I was not prepared for how horrible the noise was. Since it's marketed as something that sounds like a mosquito, I was prepared for, you know, SOMETHING THAT SOUNDED LIKE A MOSQUITO. That thing did not sound even remotely like a mosquito. I'm struggling to think of an adequate analogy, but it's a bit like a train screeching to a halt while you're standing on the platform. Except it's much higher-pitched and much louder. So maybe it'd be more like the train screeching to a halt while you were lying under the train.
Within about one-fifth of a second I slammed down on the "I CAN HEAR IT!" button repeatedly to make the noise go away. (I didn't have to hit it repeatedly, I just did in case it'd make it go away faster.) As you might have noticed, one-fifth of a second is quite a small fraction of a second, but it is an even smaller fraction of five to ten minutes.
Let me tell you, if I had to listen to that noise for five to ten minutes, I think I'd burst into tears and start pleading with whoever was playing it to tell me what I had to do to get it turned off. The noise is that bad.
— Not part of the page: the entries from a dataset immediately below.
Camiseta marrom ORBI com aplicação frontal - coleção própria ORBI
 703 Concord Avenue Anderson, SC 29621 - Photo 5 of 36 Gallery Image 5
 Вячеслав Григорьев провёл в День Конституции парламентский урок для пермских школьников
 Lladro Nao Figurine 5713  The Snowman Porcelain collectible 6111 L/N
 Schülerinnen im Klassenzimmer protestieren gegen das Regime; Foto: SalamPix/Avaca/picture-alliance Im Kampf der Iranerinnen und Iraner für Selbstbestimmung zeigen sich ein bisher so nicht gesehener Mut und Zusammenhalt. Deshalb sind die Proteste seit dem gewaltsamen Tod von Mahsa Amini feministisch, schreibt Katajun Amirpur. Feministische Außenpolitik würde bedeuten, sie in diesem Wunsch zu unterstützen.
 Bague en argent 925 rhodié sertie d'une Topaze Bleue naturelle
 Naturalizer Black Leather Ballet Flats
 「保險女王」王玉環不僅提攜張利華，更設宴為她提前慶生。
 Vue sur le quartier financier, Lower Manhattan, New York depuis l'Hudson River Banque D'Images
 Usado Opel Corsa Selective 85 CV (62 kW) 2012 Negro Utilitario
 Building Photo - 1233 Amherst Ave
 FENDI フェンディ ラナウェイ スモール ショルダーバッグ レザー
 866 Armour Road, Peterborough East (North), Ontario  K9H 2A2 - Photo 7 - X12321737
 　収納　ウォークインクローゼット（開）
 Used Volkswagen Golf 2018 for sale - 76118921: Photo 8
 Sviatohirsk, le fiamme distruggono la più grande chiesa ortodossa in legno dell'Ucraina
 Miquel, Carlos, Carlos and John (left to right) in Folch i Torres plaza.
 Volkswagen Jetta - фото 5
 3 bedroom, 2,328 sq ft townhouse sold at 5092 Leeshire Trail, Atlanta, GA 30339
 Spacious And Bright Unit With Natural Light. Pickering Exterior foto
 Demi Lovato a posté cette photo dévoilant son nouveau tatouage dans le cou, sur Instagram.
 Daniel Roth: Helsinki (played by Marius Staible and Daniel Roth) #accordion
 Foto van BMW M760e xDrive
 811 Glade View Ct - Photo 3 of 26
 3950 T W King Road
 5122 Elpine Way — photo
So funnily enough, hearing the actual noise involved in "mosquito" weaponry did not change my mind about its morality. Stories have emerged from the UK about children unable to sleep at night, desperately trying to cover their ears, because some idiot neighbour has installed this hideous device on their property and it has kept going off. Devices and high-pitched noises like this can be -- and inevitably will be -- used against people under the age of twenty-five who have done nothing wrong and don't deserve to have that noise assaulting their hearing. They could easily be used as devices of torture in war (for instance, where US soldiers at Guantánamo Bay now use -- or have in recent times used -- Barney the Dinosaur's "I Love You" to try to break their inmates, they could also use this). I could even envisage unscrupulous teachers using them against their students, having lost all faith in the normal disciplinary system.
I admit, if such people really want to harm youths with high-pitched noises they can produce them regardless of the existence of this product. However, I feel the "mosquito" device legitimises the use of such techniques. Before it might be that such techniques would be considered torture, but now the EU Human Rights Whatever has declared it totally acceptable... well, how can you consider it torture? Even if that's exactly what it is? The EU said it's okay!
But it seems to me that one middle-aged person has gone up to another middle-aged person and made the kind of decision that may benefit middle-aged people, with no risk to them if it doesn't anyway (except losing £350). What's the betting that the EU people who said the "mosquito" was okay were not young enough to be susceptible to it? But where's the consideration for those of us under the age of twenty-five -- don't we get the chance to say this thing is wrong?